PROBLEM REQUIREMENTS -
All lines from the one containing "Disney ディズニー グラサンミッキー" through the end of the data below are to be repeated exactly, with pictures left out.
:: RECORDS SHOWN
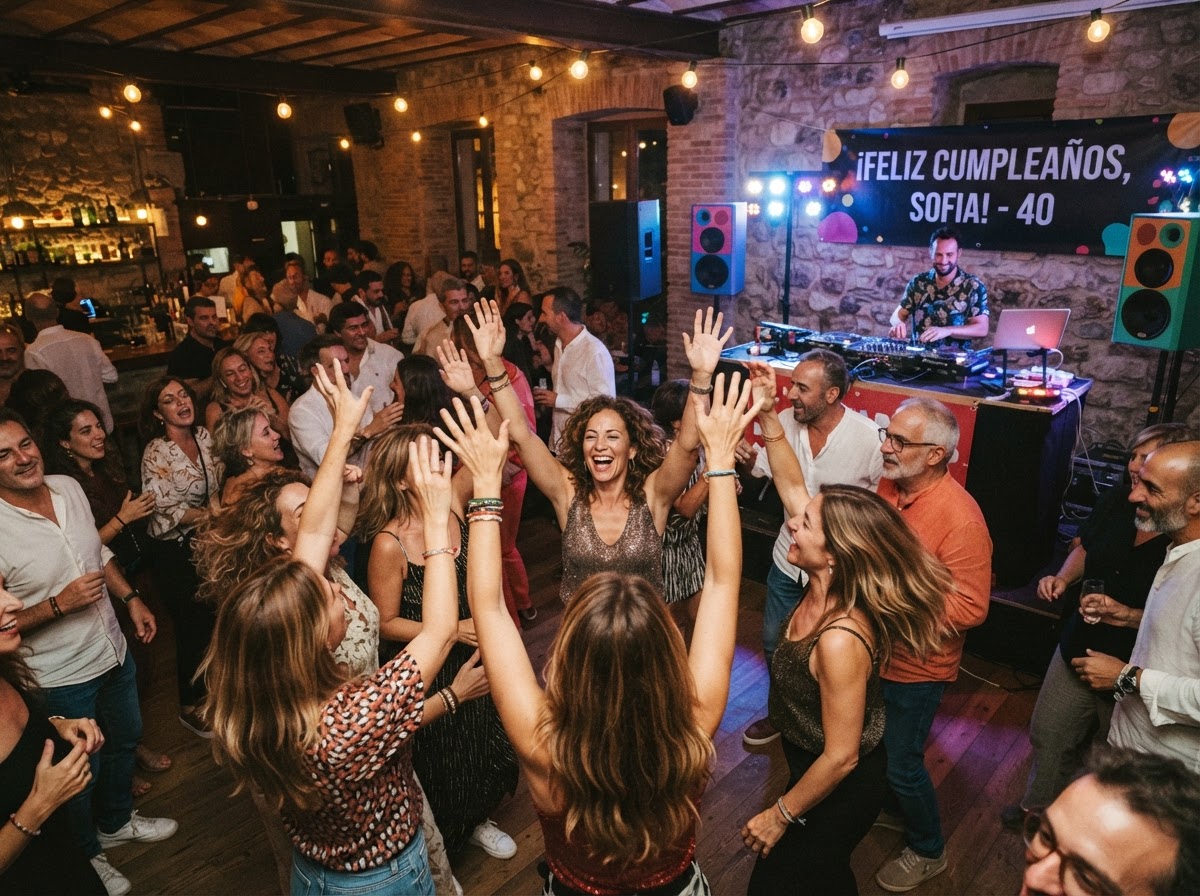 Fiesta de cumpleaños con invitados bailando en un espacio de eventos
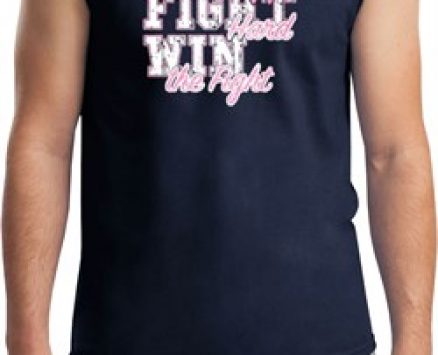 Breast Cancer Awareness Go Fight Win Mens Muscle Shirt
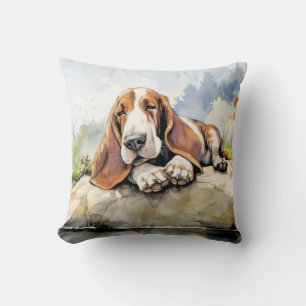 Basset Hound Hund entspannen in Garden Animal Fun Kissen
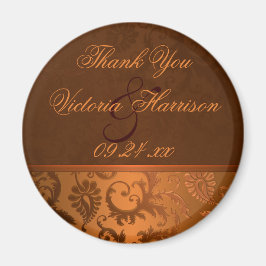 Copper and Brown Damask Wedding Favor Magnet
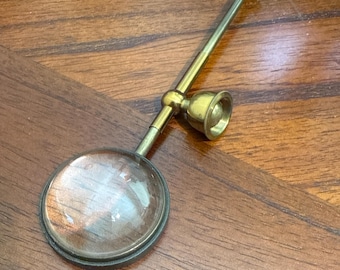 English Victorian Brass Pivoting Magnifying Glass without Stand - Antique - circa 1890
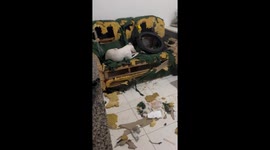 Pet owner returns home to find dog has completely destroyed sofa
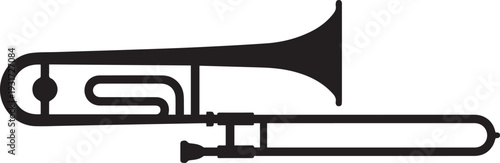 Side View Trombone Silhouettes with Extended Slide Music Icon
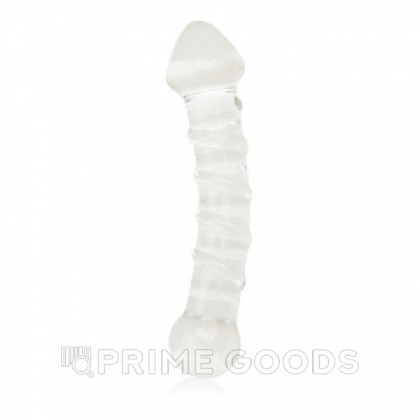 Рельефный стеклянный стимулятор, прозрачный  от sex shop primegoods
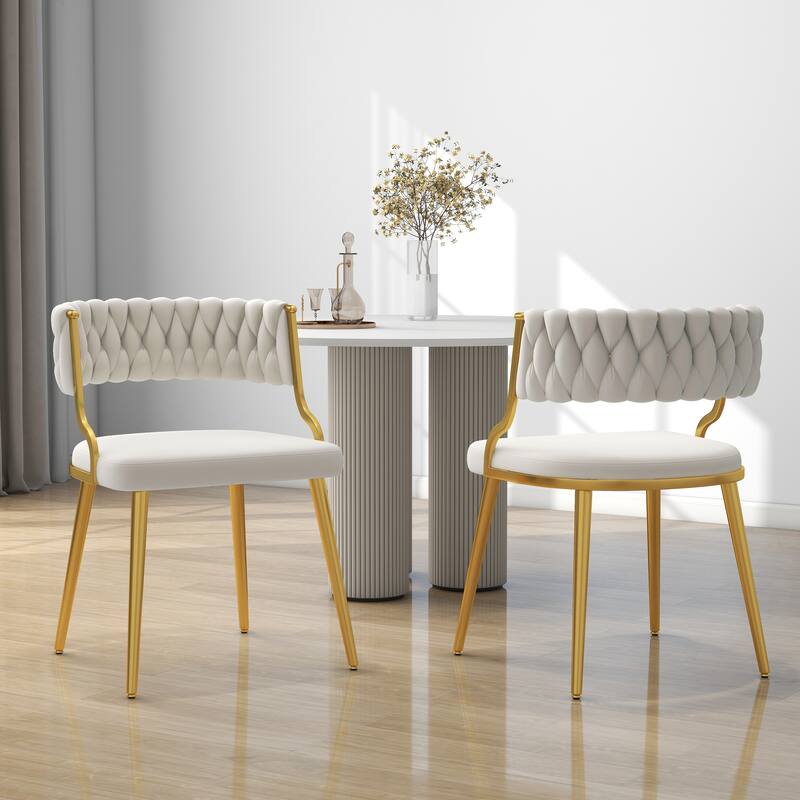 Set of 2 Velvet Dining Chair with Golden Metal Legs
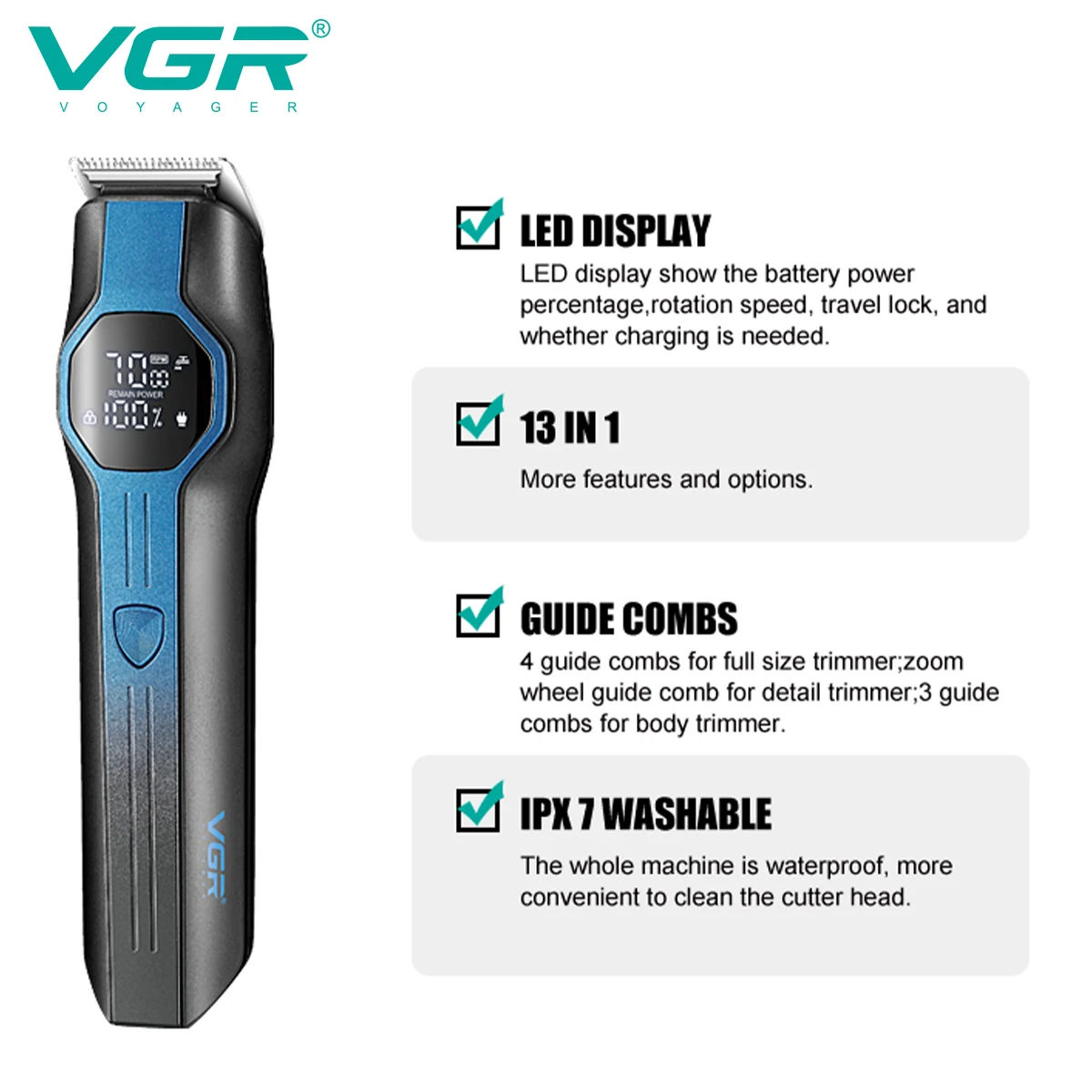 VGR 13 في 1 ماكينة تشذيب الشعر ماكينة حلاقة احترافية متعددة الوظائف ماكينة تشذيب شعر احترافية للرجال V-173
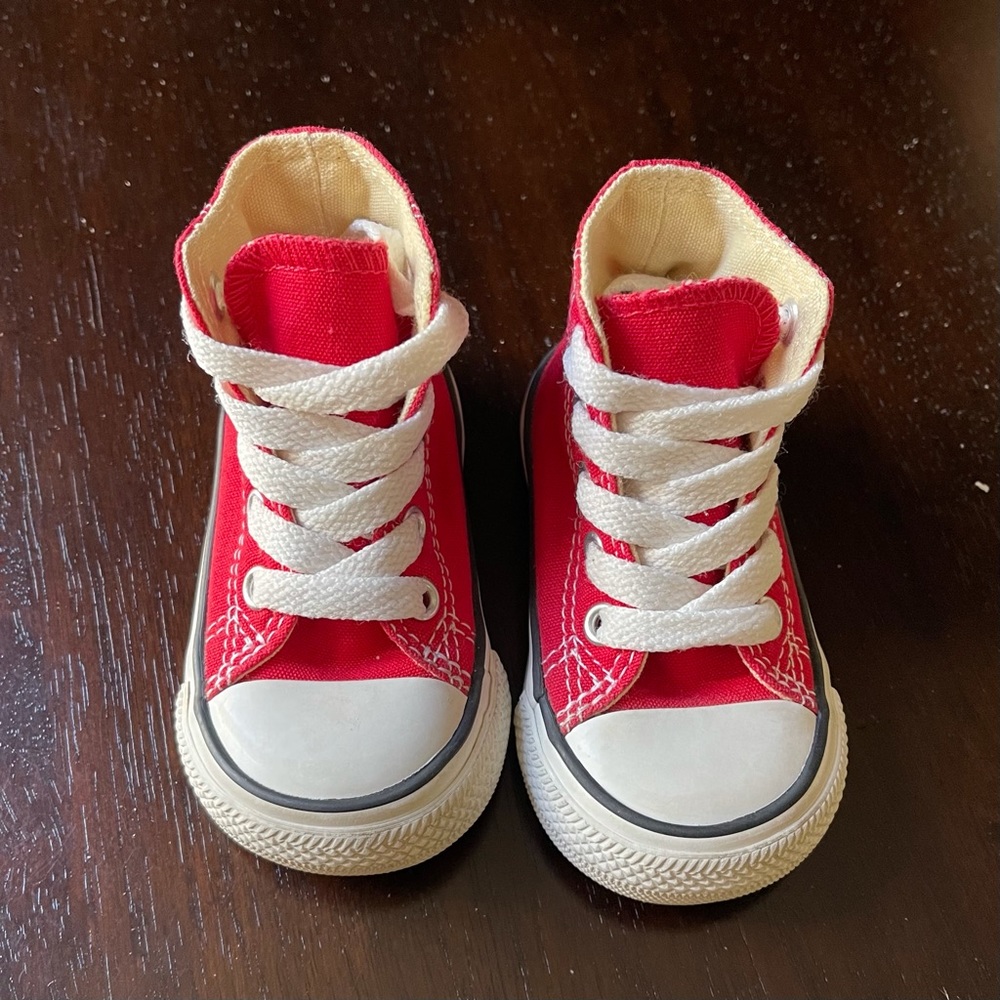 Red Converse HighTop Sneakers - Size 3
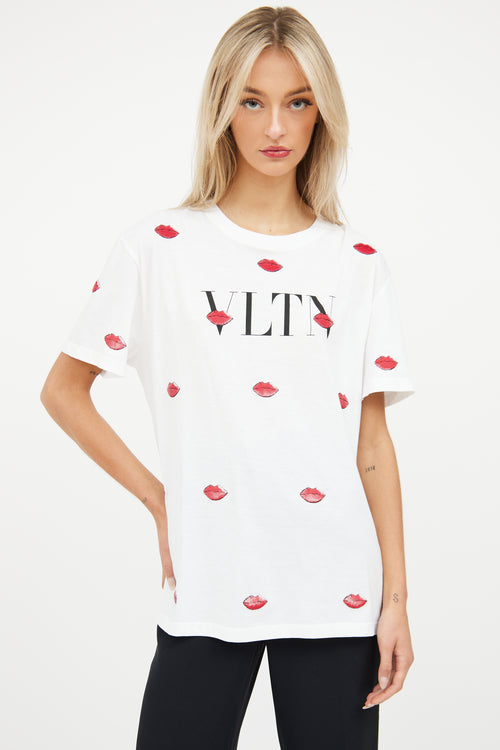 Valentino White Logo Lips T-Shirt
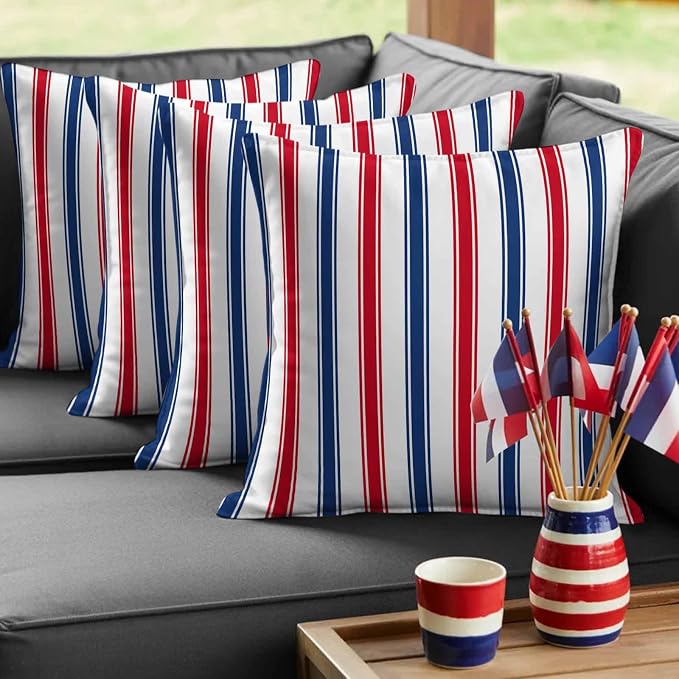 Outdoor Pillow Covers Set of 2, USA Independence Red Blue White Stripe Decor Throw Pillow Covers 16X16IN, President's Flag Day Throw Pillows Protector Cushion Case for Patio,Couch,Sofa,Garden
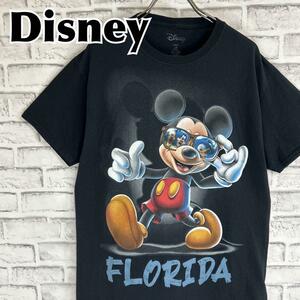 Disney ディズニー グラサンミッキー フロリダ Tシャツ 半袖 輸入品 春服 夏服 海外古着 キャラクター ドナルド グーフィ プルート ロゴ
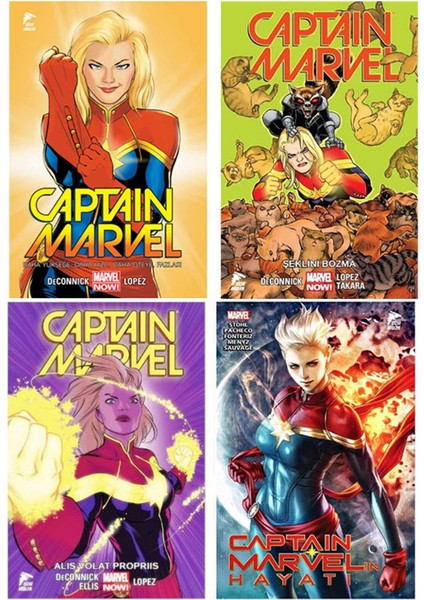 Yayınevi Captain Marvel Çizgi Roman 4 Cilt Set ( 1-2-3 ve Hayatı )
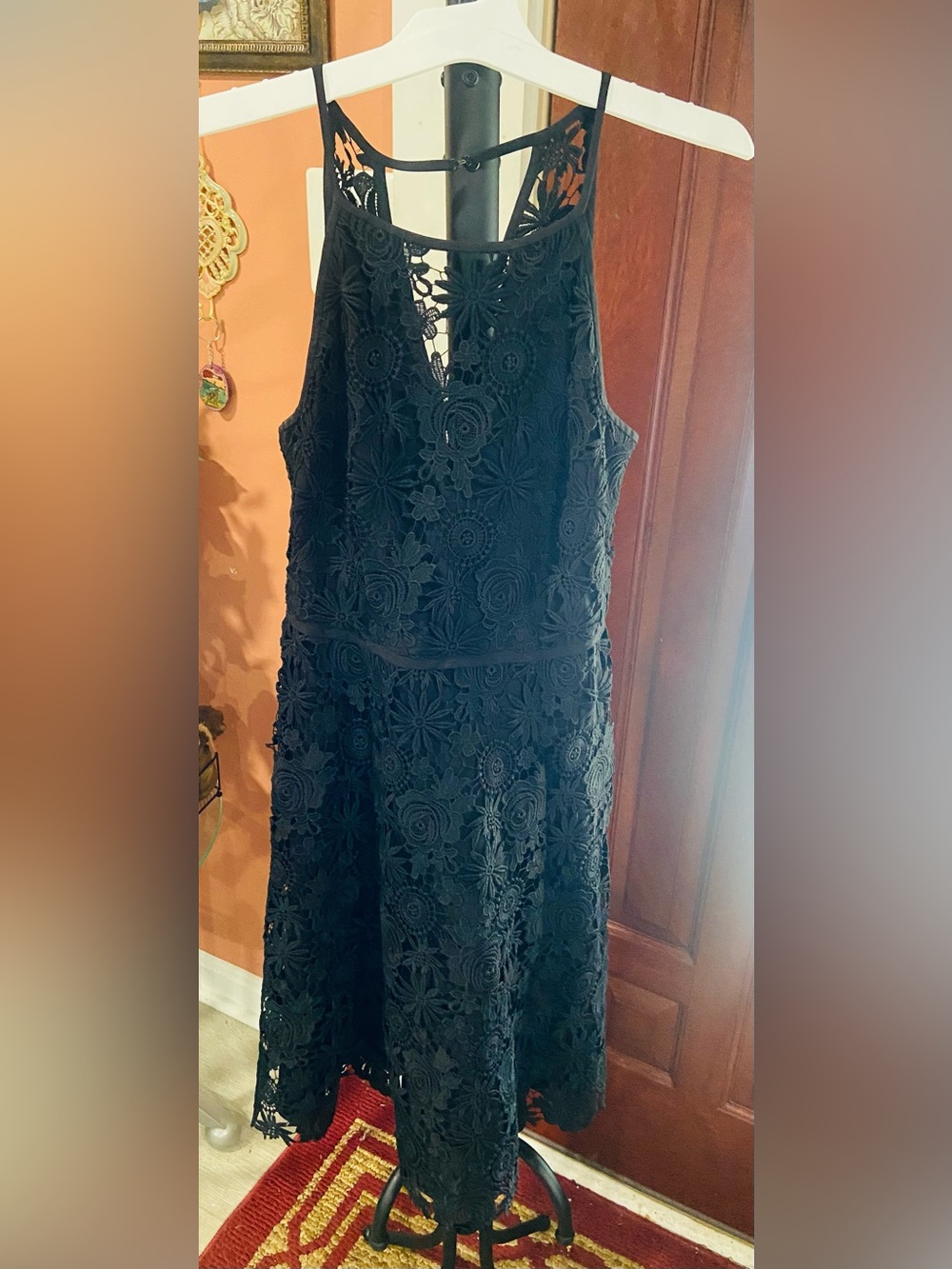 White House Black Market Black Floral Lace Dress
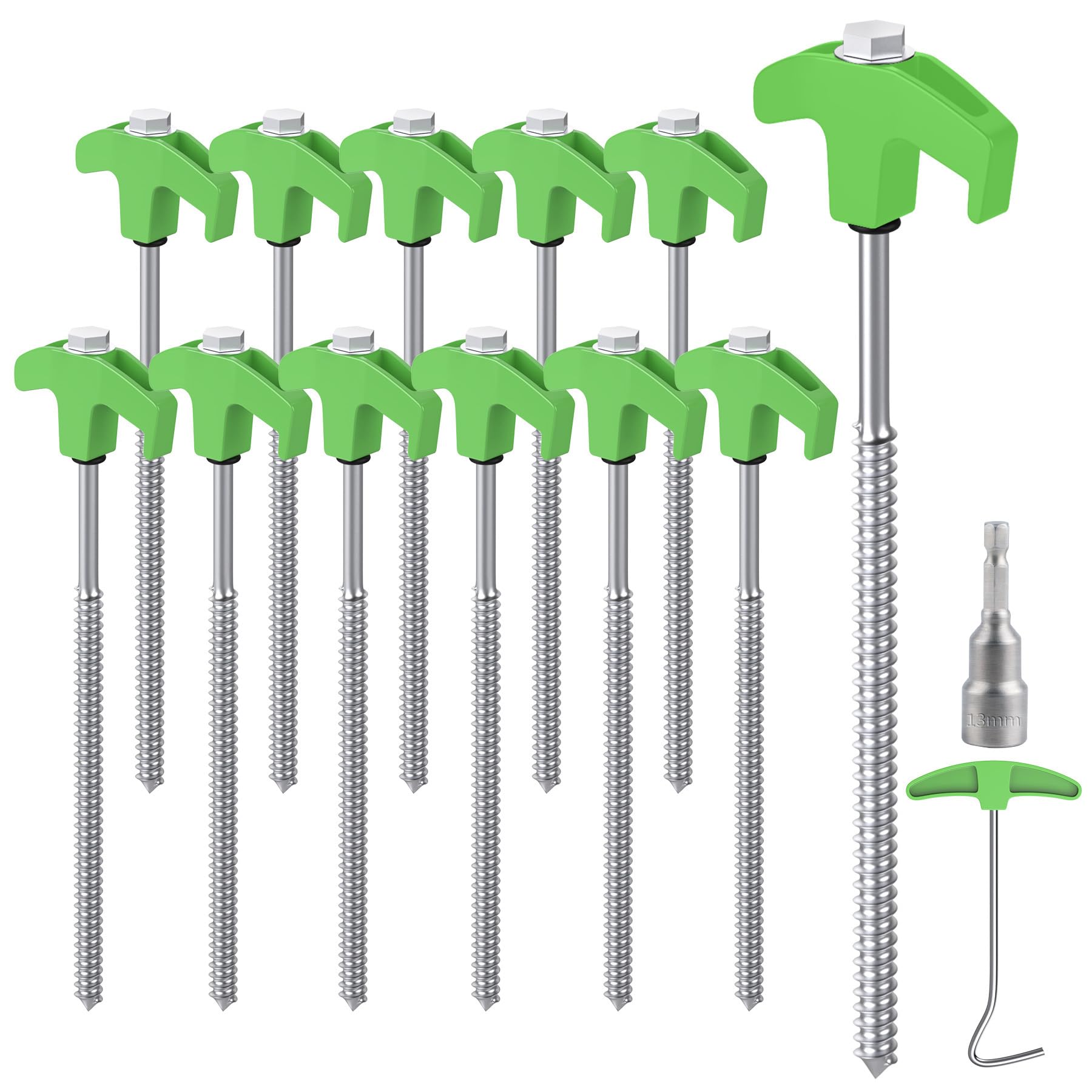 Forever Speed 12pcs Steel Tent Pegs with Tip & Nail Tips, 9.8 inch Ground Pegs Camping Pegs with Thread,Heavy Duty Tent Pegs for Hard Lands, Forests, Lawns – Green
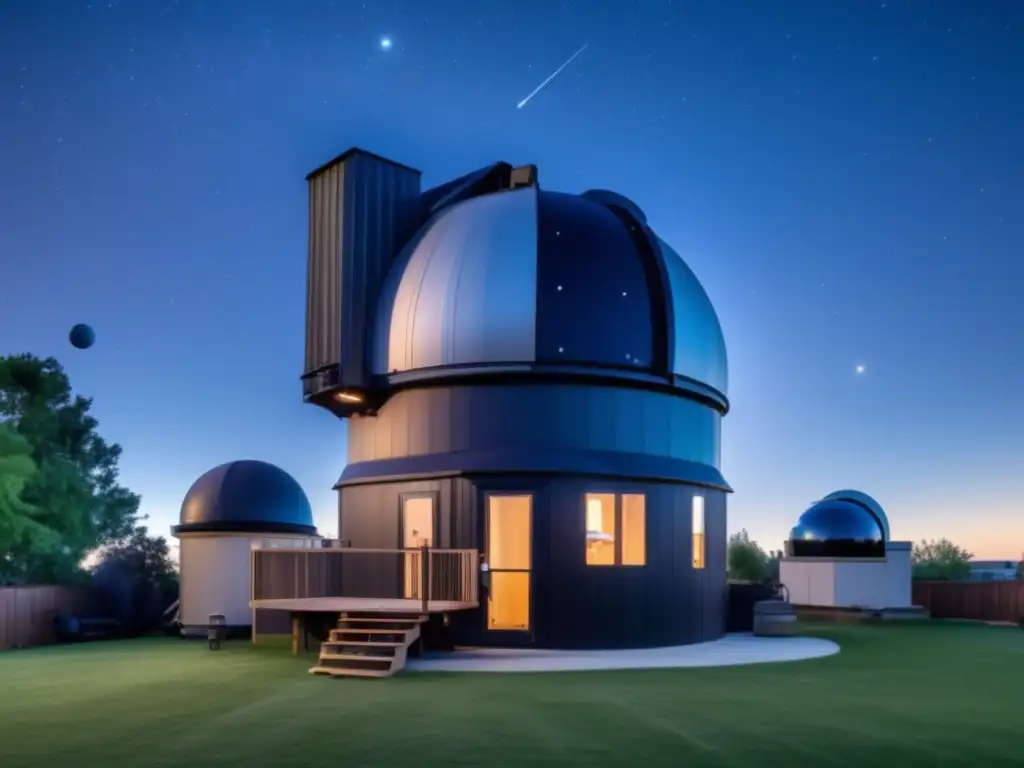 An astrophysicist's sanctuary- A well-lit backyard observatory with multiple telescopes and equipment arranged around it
::::
THE ANSWER -
 Disney ディズニー グラサンミッキー フロリダ Tシャツ 半袖 輸入品 春服 夏服 海外古着 キャラクター ドナルド グーフィ プルート ロゴ
 Yayınevi Captain Marvel Çizgi Roman 4 Cilt Set ( 1-2-3 ve Hayatı )
 White House Black Market Black Floral Lace Dress
 Forever Speed 12pcs Steel Tent Pegs with Tip & Nail Tips, 9.8 inch Ground Pegs Camping Pegs with Thread,Heavy Duty Tent Pegs for Hard Lands, Forests, Lawns – Green
 An astrophysicist's sanctuary- A well-lit backyard observatory with multiple telescopes and equipment arranged around it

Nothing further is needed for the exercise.